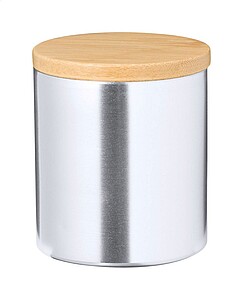 Vanilková vonná svíčka s bambusovým víčkem, stříbrná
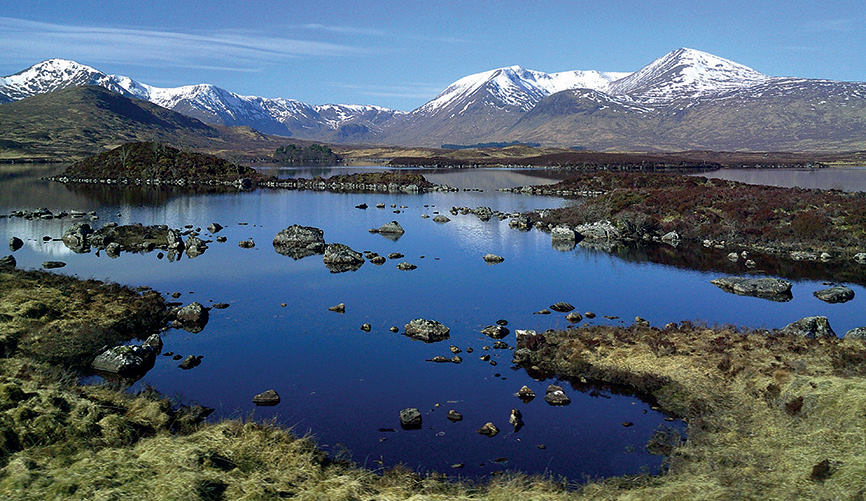 A photo of the landscape on the A82 from Tyndrum to Fort William which passes through Rannoch Moor & Glen Coe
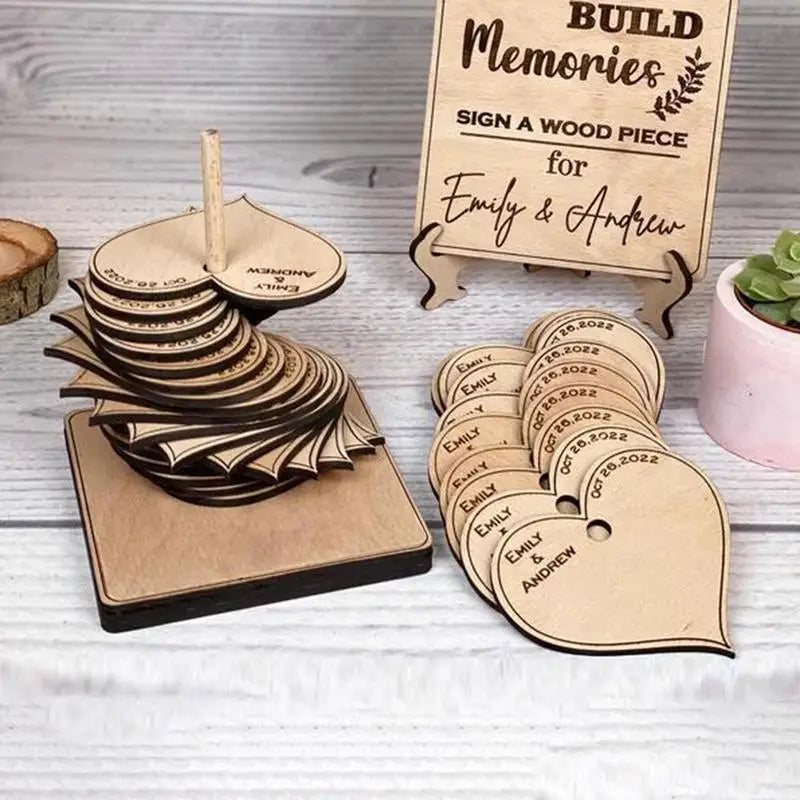 Blank Wedding Guestbook Rustic Wedding Keepsake Love Shape 20pcs DIY Wooden Wedding Guest Book Hearts Wedding Gift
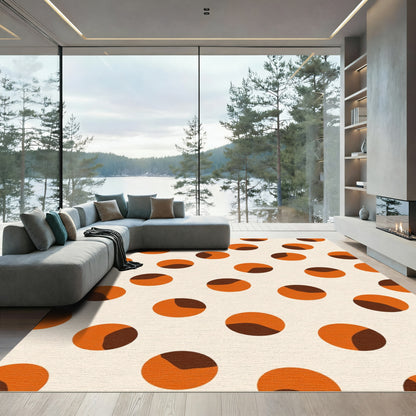 Orange Brown Polka Dot Circles Rug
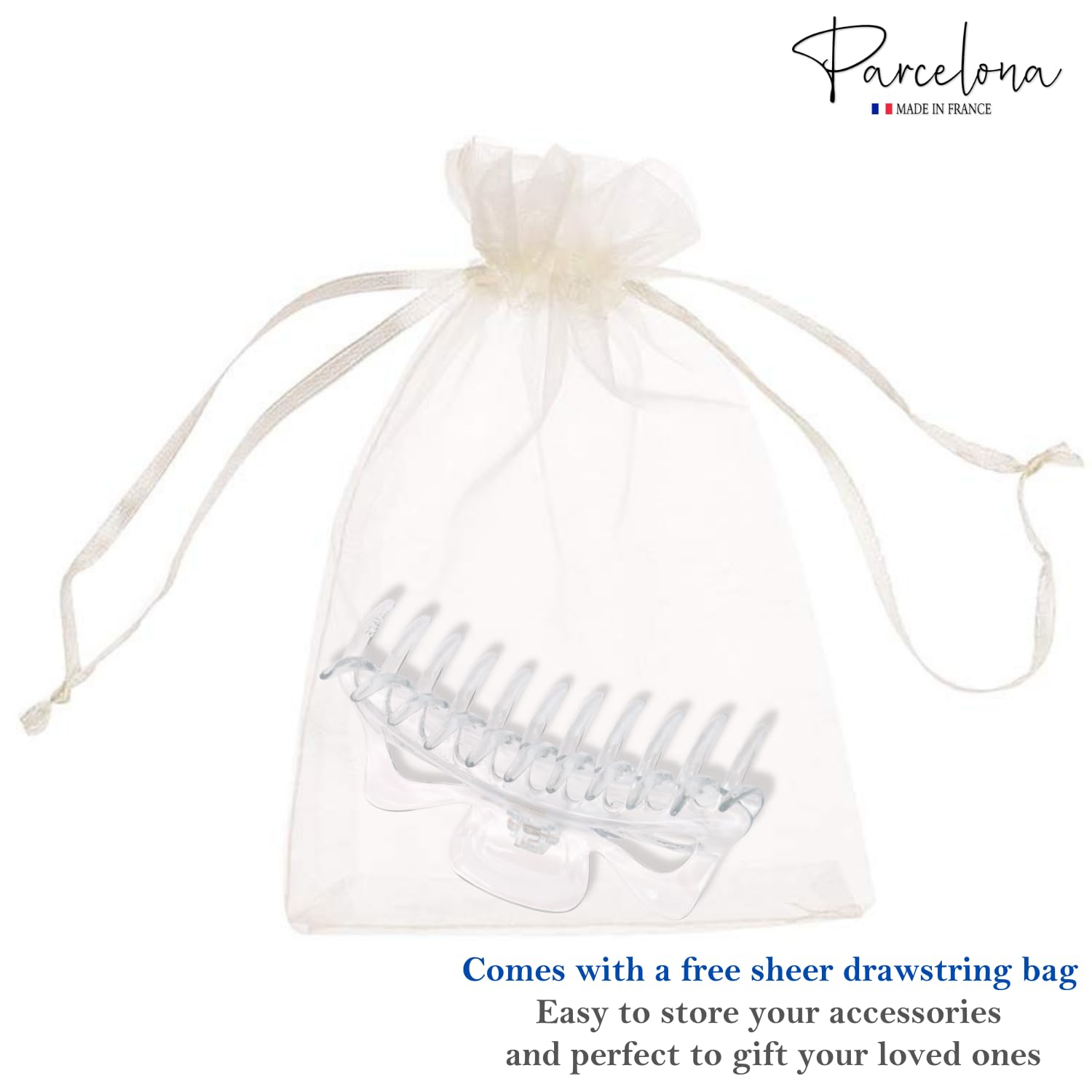 Parcelona French Classic Jumbo Large 5 1/2" Cellulose Hair Claw Clip for Women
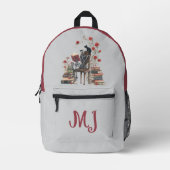 Gothic Skeleton Scholar Leserbuch & Black Cat Bedruckter Rucksack (Vorderseite)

**TASK INSTRUCTIONS**:
Go back to the line that contains "Blank Wedding Guestbook" and copy it, along with each line after it through the end of the listing above, exactly and without pictures.

**ANSWER BOX**:
 Blank Wedding Guestbook Rustic Wedding Keepsake Love Shape 20pcs DIY Wooden Wedding Guest Book Hearts Wedding Gift
 Orange Brown Polka Dot Circles Rug
 Parcelona French Classic Jumbo Large 5 1/2" Cellulose Hair Claw Clip for Women
 Gothic Skeleton Scholar Leserbuch & Black Cat Bedruckter Rucksack (Vorderseite)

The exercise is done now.